Primary open-angle glaucoma (POAG) is a leading cause of blindness worldwide, and intraocular pressure (IOP) is an important modifiable risk factor. Elevated IOP in POAG is due to increased resistance to aqueous humour outflow resulting from increased extra-cellular matrix (ECM) in the trabecular meshwork (TM). None of the current pharmacological glaucoma treatments target the outflow resistance and ECM changes in the TM, rather they target the disease from the aqueous production side. These treatment approaches do not therefore halt the progressive molecular pathology in the TM, and so aqueous outflow resistance and IOP continue to increase, requiring further intervention. Elevated levels of transforming growth factor β (TGFβ) in the aqueous humour bathing the TM has been shown to alter ECM production, and is an important player in the pathogenesis of glaucoma. Inhibiting TGFß as a treatment option is deleterious and counter effective as TGFβ has multiple other roles on different cells within the same organ. Connective tissue growth factor, also known as CCN2, a downstream mediator of TGFß, presents a better option for therapy. Conditional CCN2 over-expression transgenic mouse models will be used to dissect the contribution of CCN2 in the development and progression of glaucoma and the influence of exogenous TGFβ. CCN2 expression will then be manipulated and evaluated in human and animal glaucoma models using microRNA (miRNA) based therapeutics. These data will raise the possibility for a new class of disease-modifying therapeutics using miRNA biology to halt/slow disease progression.

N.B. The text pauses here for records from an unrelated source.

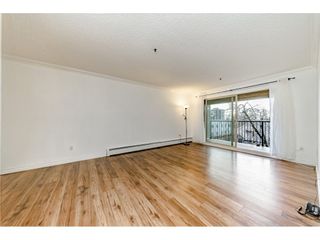 Photo 6: 405 715 ROYAL Avenue in New Westminster: Uptown NW Condo for sale in "Vista Royale" : MLS®# R2328335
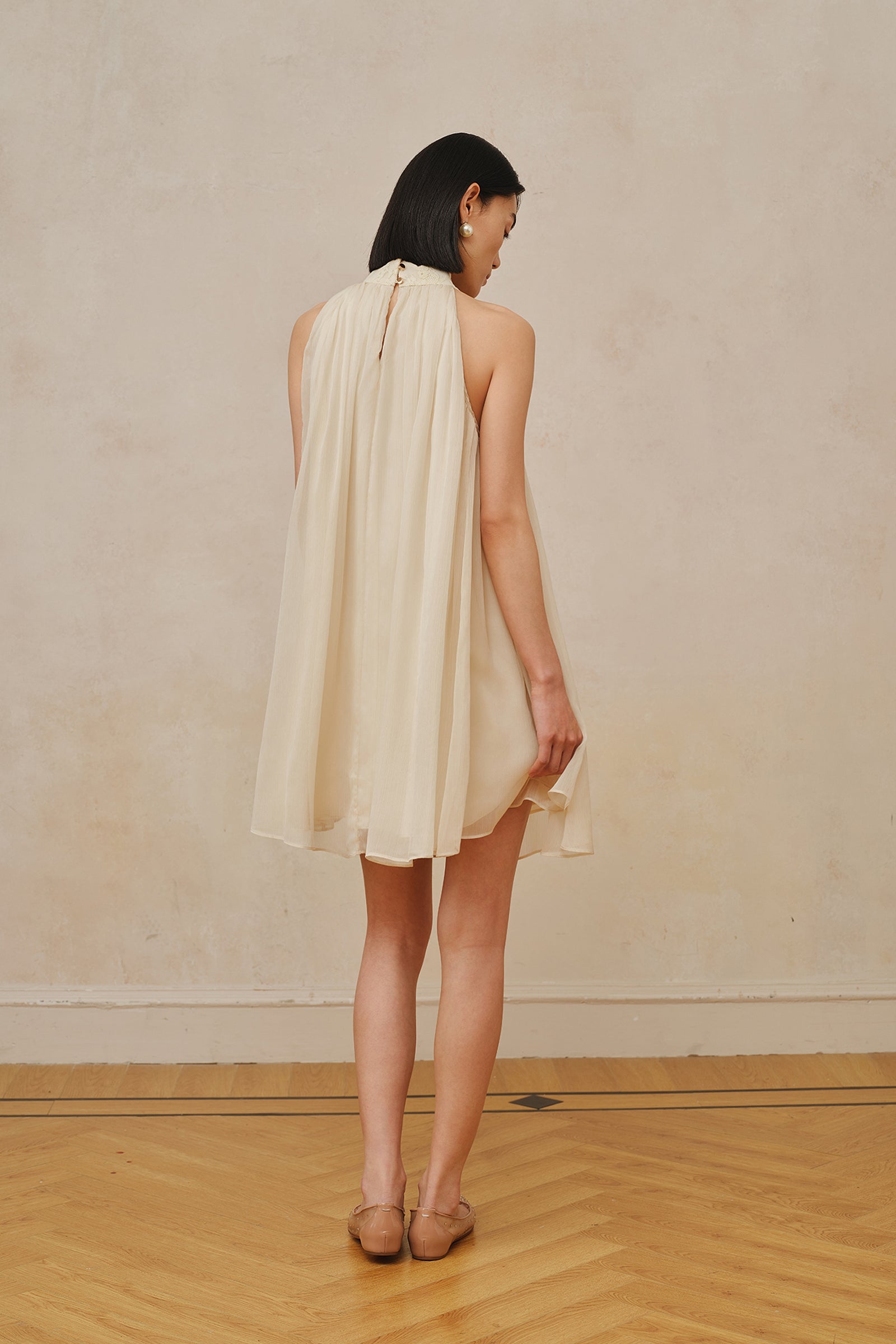 Heir Dress (Antique Beige)
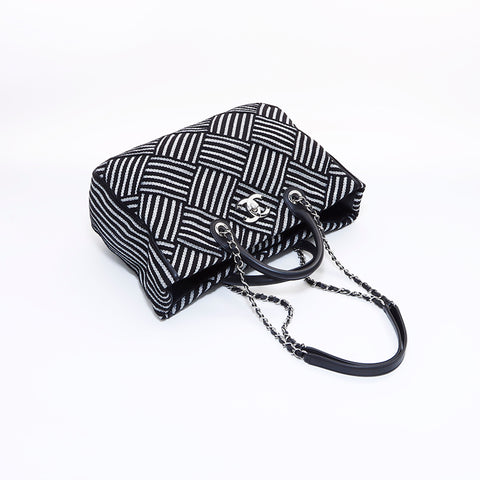 Chanel Chanel 22. 2way Handtasche Schwarz Silber WS7409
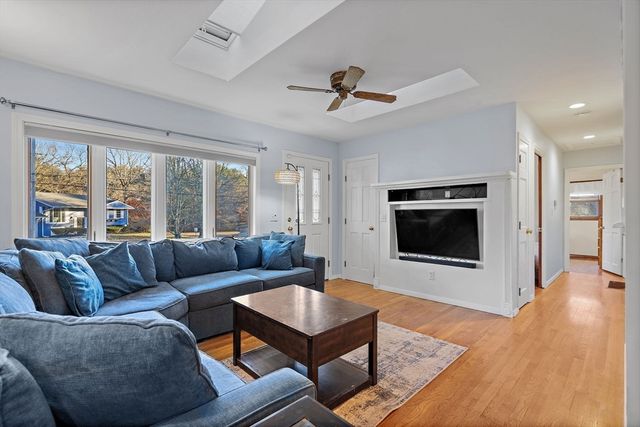 8 Quaker Cir, Pembroke, MA 02359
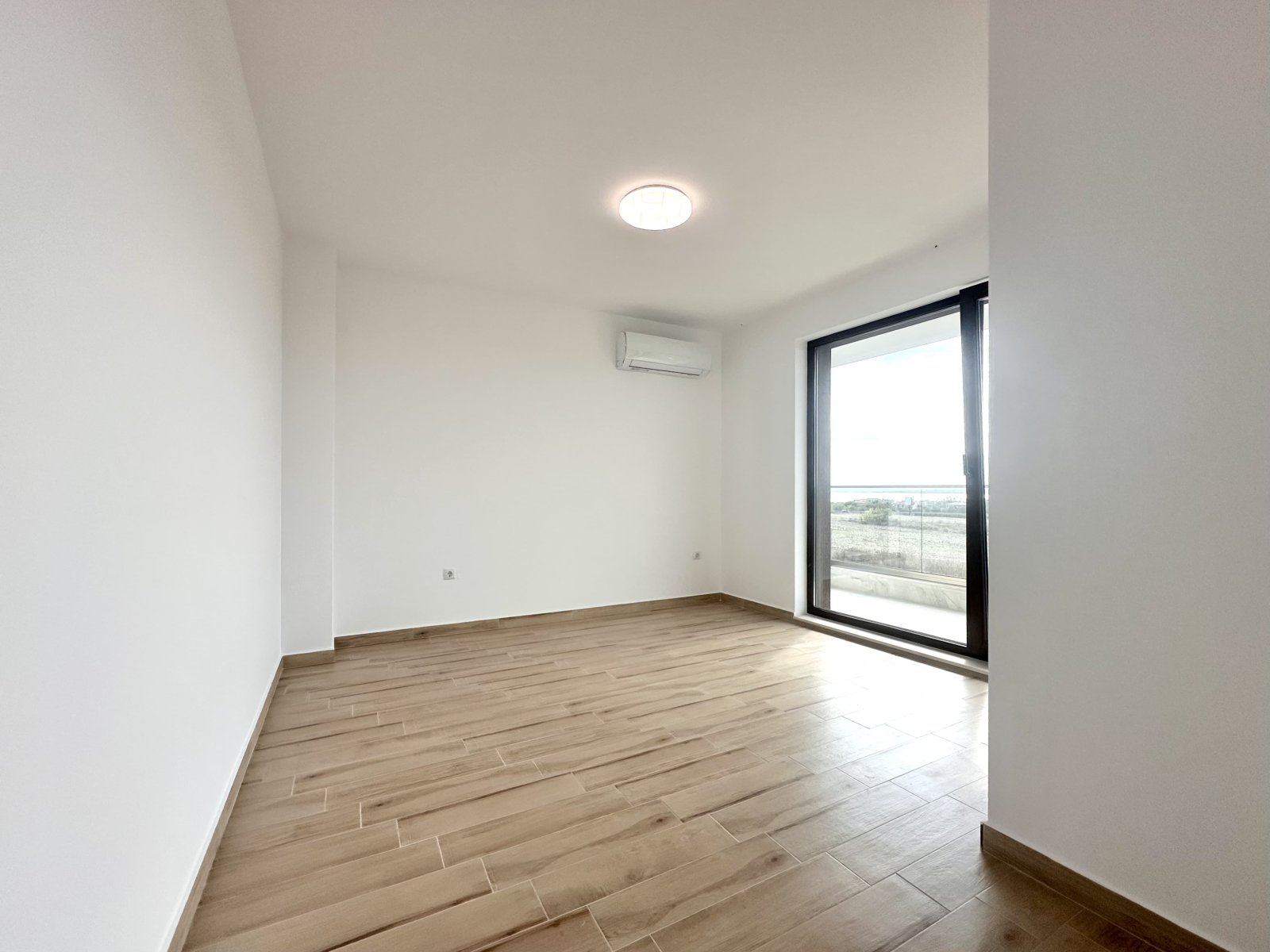 Ексклузивна вила в Victoria Sunset, Поморие – гледка към морето и басейна, на 4 км от плажа!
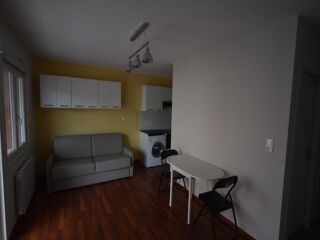  Appartement à louer 1 pièce 26 m²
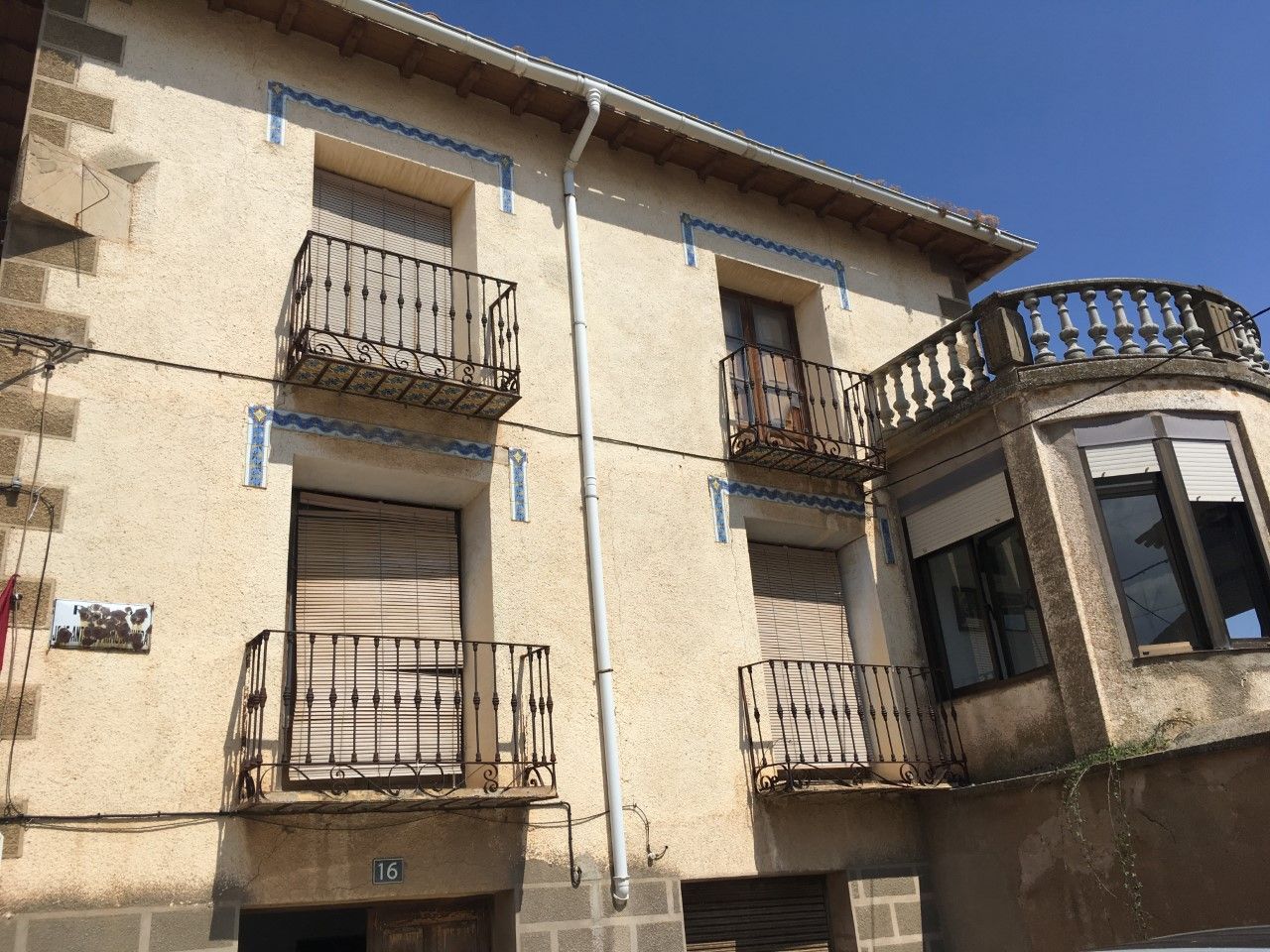 Exterior view of House or chalet for sale in El Redal  with Private garden, Parquet flooring and Terrace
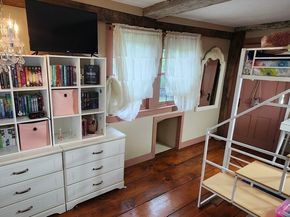 5 Putnam Hill Rd, Sutton MA 01590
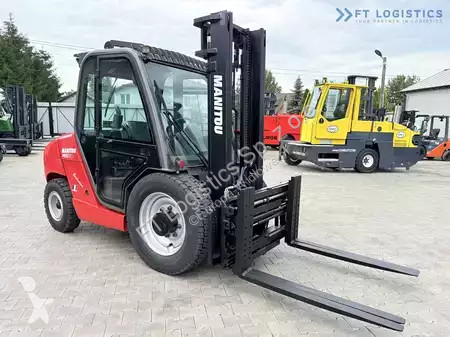 Автопогрузчик Manitou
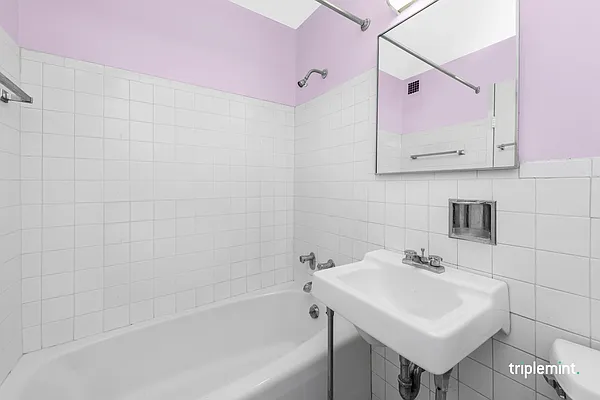 Sold by Triplemint | media 10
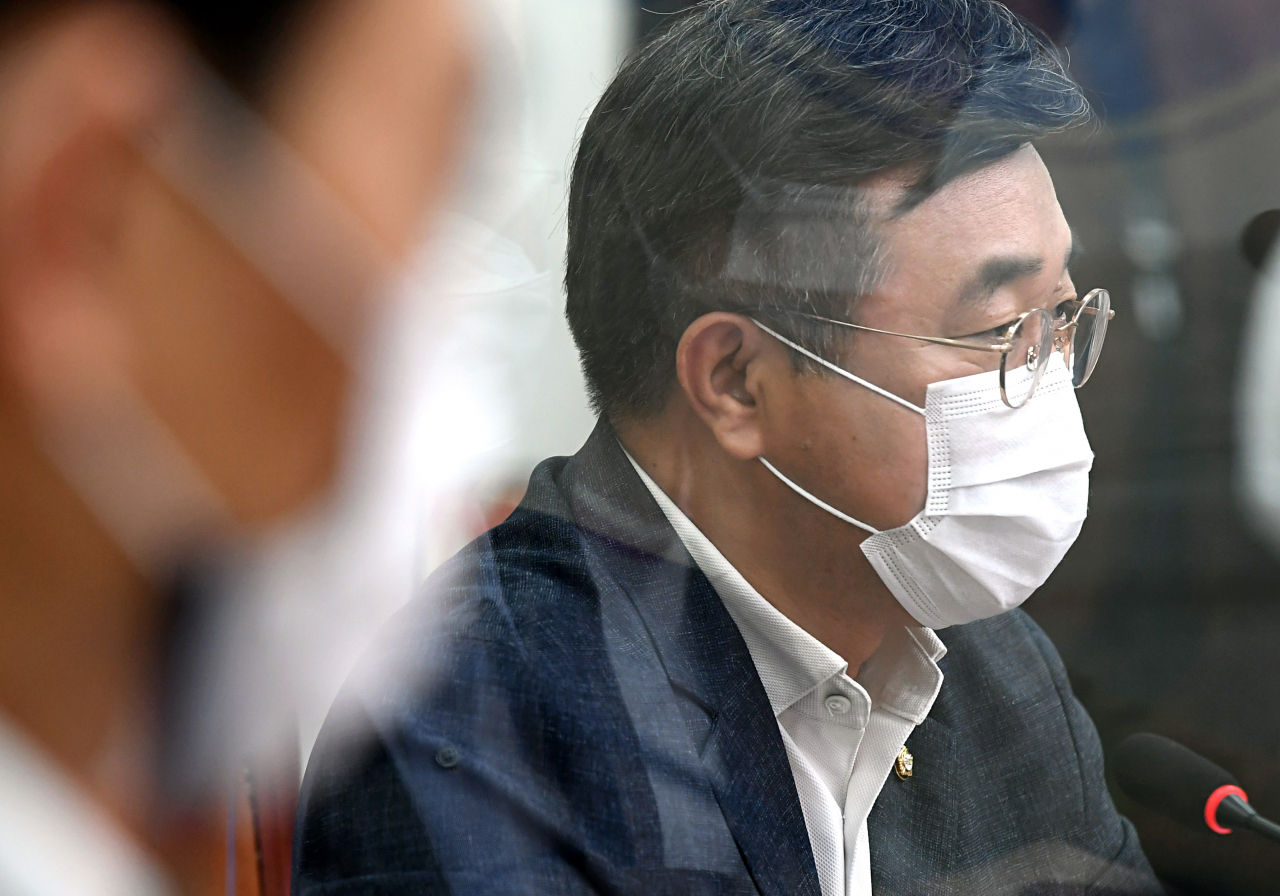 더불어민주당 윤호중 원내대표가 9일 오전 서울 여의도 국회에서 열린 최고위원회의에서 발언하고 있다. [연합]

This is an exciting project with direct translational relevance to the treatment of glaucoma. The student will gain a varied laboratory and scientific training. Experience of in vivo and in vitro experimentation and/or cell culture/gene expression analysis would be an advantage, although training will be provided in these areas. The conditional transgenic CCN2 mice are a unique resource and the student will gain experience in transgenic models, molecular and cellular biology and a novel organ culture perfusion model of glaucoma. The field of miRNA and RNA therapeutics is an emergency and exciting technology which is entering the clinical realm. This studentship will provide an excellent basis for further career development in academia or industry.
The student will benefit from three experienced and complementary supervisors. Prof Colin E. Willoughby is Professor of Molecular Ophthalmology and a clinician-scientist with an interest in glaucoma, molecular biology and miRNAs. Prof George Bou-Gharios is Professor of Matrix Biology with a specific interest in CCN2 and transgenic models. Dr Kevin Hamill is Lecturer in Cell and Molecular Biology with an interest in the extracellular matrix and laminin biology. This is a strategic project for our groups and we are keen to appoint a highly-motivated and driven student who will benefit from an enthusiastic and stimulating training experience.
The Institute of Ageing and Chronic Disease is fully committed to promoting gender equality in all activities. In recruitment we emphasize the supportive nature of the working environment and the flexible family support that the University provides. The Institute holds a silver Athena SWAN award in recognition of on-going commitment to ensuring that the Athena SWAN principles are embedded in its activities and strategic initiatives.
The successful applicant will have (or expect to hold) a First or 2:1 Honours degree in a relevant life science/biomedical subject. A Master’s degree in a relevant area would be an advantage. We are seeking an enthusiastic individual who has experience in basic cell and molecular biology techniques to appoint to this prestigious studentship.
This 3-year PhD studentship is funded by Fight for Sight (UK) and will start from 1st September 2016. It will provide an annual stipend of £17,000 (with annual increment) plus full coverage of tuition fees. The studentship is only available to UK/EU candidates.